Years later in 1984, Russell is involved in setting up Asian Field Study Centres for Australian students in Bali. It is here that he first becomes aware of the interplay of the ‘Seen and the Unseen’ and begins to realise that it has always formed part of his life. Here, in Bali, he experiences just how the Balinese are immersed in both a physical and a spiritual world, and some practice ‘black magic’ as well.
In Indonesia in 1999 to deliver workshops for [Indonesian] teachers whose students are studying Australia meant he happened to be in Surabaya and Jakarta during the tremendous outburst of joy and energy of the nation’s youth, after 35 years of suppression under Suharto’s military dictatorship.
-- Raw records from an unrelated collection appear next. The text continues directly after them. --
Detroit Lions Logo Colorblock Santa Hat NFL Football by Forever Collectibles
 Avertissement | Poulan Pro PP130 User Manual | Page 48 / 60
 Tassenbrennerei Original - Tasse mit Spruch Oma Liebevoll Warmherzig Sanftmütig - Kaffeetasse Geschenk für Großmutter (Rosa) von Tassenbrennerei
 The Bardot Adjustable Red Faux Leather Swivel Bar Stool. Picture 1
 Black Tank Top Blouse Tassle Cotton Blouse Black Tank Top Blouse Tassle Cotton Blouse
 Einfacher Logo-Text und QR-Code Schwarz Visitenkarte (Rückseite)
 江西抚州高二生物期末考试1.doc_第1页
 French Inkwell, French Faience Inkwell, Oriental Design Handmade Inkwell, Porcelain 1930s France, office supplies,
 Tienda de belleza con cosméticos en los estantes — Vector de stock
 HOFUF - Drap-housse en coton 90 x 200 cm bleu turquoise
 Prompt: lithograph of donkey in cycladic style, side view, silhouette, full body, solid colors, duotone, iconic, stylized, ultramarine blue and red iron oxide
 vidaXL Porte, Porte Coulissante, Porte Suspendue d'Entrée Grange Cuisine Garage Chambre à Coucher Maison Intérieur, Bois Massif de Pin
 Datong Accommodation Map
He is present in the middle of the excited masses and vividly describes the political campaigning for the first democratic elections after this long period.
Russell’s description of his response to the 2002 Bali bombing in the immediate aftermath of this tragedy and his volunteer work in aiding the victims and their families at the Sanglah Hospital, must be highlight of his book (if that is the right word). Personally, I had to pause several times to recover my emotions while reading his descriptions of these traumatic events.
Seen and Unseen concludes where it starts with the now elder Russell in conversation with his long-departed grandfather around the headland of Coogee, while trying to understand his life experiences and the significance of the seen and unseen. The strength of Russell Darnley’s writing is his ability to position himself as an observant outsider. Central to his work is the idea that interactions with people from cultures other than our own, in particular those of Asia, allow us to challenge many of our own assumptions. His engaging memoir will be a ‘must read’ by all those who have an interest in Asia and wish to follow his footsteps.